The Local NonCredible™ Mechanophile
- Used brake rotors make excellent dinner plates, and brake drums are for bowls, obviously.
- Timing belts taste the best, and little shreds of belt are a nice garnish, but don’t forget that seat leather is actually beef jerky.
- Green coolant tastes like green apple, red is cherry flavor.
This content was fact-checked and verified by a registered Coolant Schlonker
- The elites don’t want you to know this, but used motor oil can be used again when cooking, and it gets more delicious the longer it is aged.
- You can eat the metal flakes in your oil pan to boost the iron in your diet. None available? Bypass your oil filter to stock up.

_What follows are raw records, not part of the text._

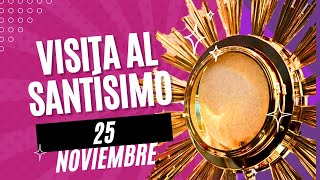 ORACIÓN MILAGROSA SANTÍSIMO SACRAMENTO 25 NOVIEMBRE IGLESIA CATOLICA [upl. by Nyltak887]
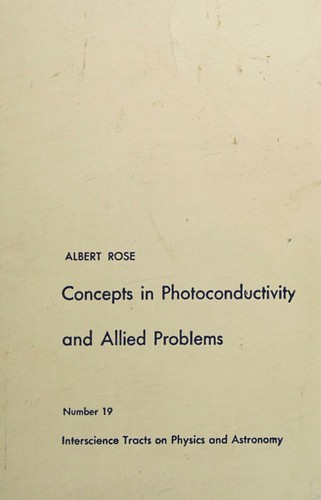 Concepts in photoconductivity and allied problems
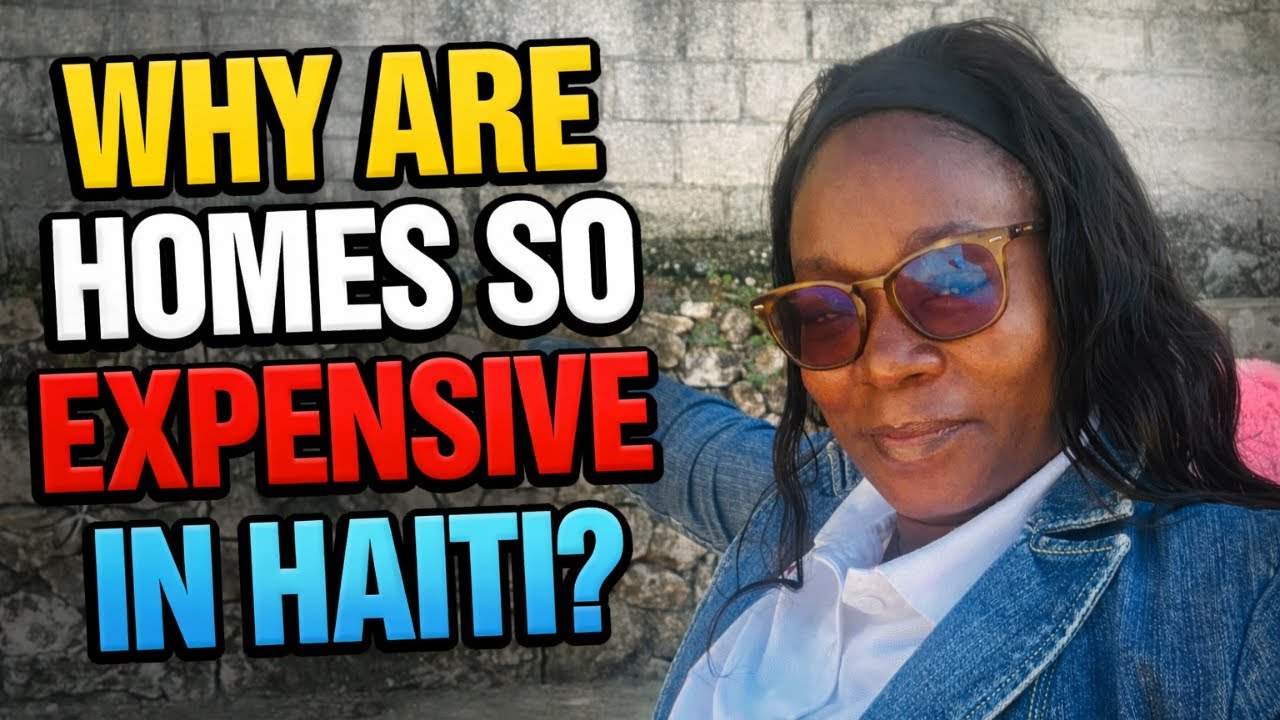 Why Are Homes So Expensive in Haiti?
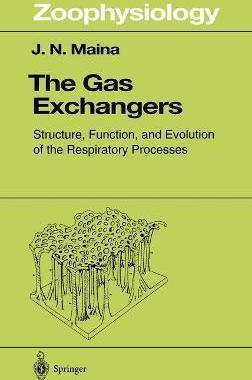 [预订]The Gas Exchangers: Structure, Function, and Evolution of the Respiratory Processes 9783540625117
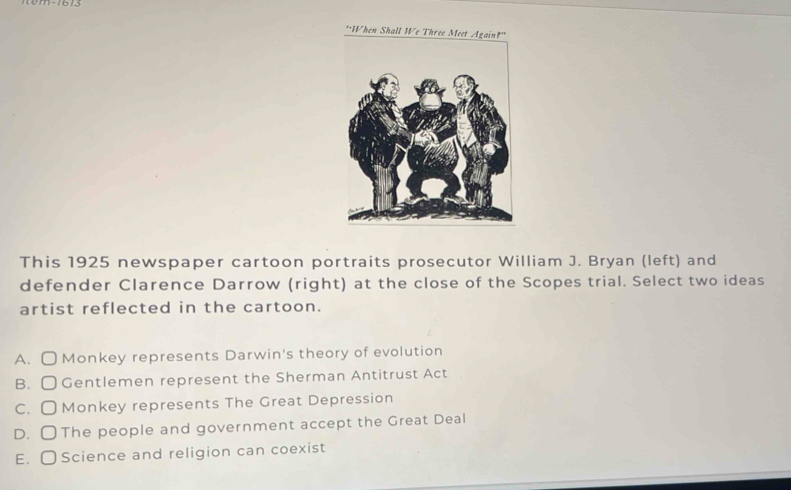 "When Shall We
This 1925 newspaper cartoon portraits prosecutor William J. Bryan (left) and
defender Clarence Darrow (right) at the close of the Scopes trial. Select two ideas
artist reflected in the cartoon.
A. O Monkey represents Darwin's theory of evolution
B. 〇 Gentlemen represent the Sherman Antitrust Act
C. O Monkey represents The Great Depression
D. 〇The people and government accept the Great Deal
E. 〇Science and religion can coexist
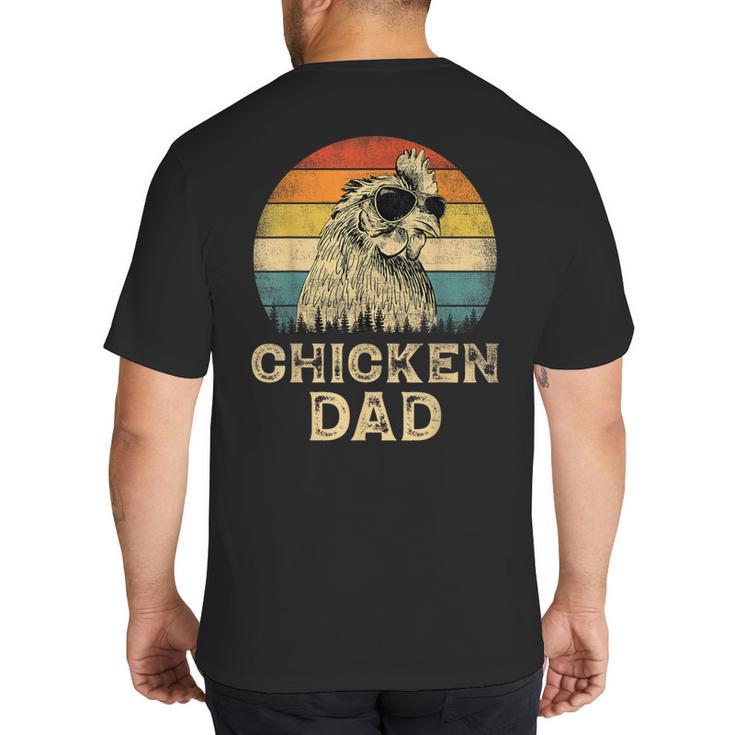 Vintage Chicken Dad Chicken Lovers Daddy Father's Day Big And Tall Men's T-Shirt Back Print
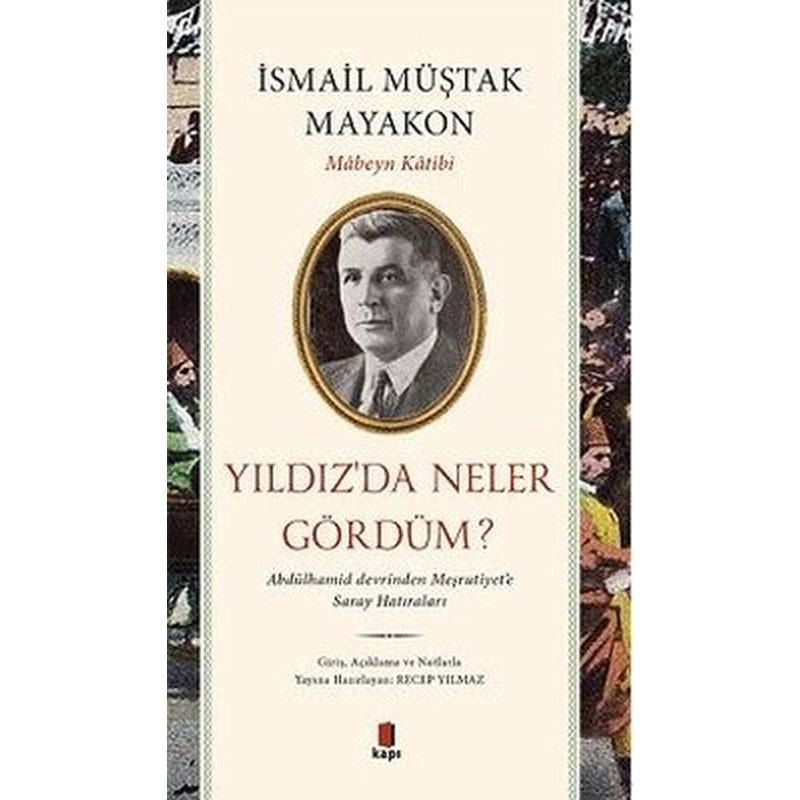 Yıldız'da Neler Gördüm? | Kapı Yayınları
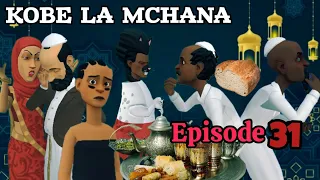 KOBE LA MCHANA |Episode 31|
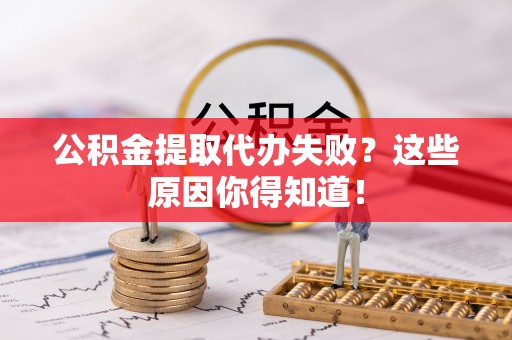 魏都公积金提取代办失败？这些原因你得知道！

- We simply can’t forget about the tastiest treat of all: the random crumbs that drop between the seat and center console. Never waste these.
Dan Verona
- A note on Tsuru’s point, GM dashboard plastics are lower in fat than Dodge plastics. They tend to absorb it from their owners.
- Don’t throw away your old fuel filters! They are full of usable seasoning.
- Keep your original oil filter as long as possible. This allows more flavor to build up in the liquid. “Service intervals” are a lie fabricated by Big Filter™ to boost profits.
- Your valve cover is atop the engine for easy removal and use as a baking pan. DOHC engines have the capability to bake two treats at once.
- Don’t forget, you can hang meats in your radiator as pressure cooker.
Comrade Zdzislaw
- You can use the 2-cylinder engine of a Fiat 126P as a sort of makeshift grill for a barbecue on a hot summer’s day.
- Don’t forget to add honey to the OHV engine of your Polonez, it needs it.
- You can run your Maluch on kerosene, vodka or lighter fluid, and yes it’s actually possible as a “scientist” in South Australia found out.
- You can use your car to drive across town and buy an Orlen hot dog.
Monty
- Vegan leather does not taste the same. You’re better off eating that recycled cardboard material in the i3.
- The wax used on composites molds can be a substitute for slices of aged cheese
- Rerouting the coolant circuit can act as a wonderful purée machine
- The concoction of fluid fluids that leak out of a stationary BMW comprise the essential oils to make the elixir of life.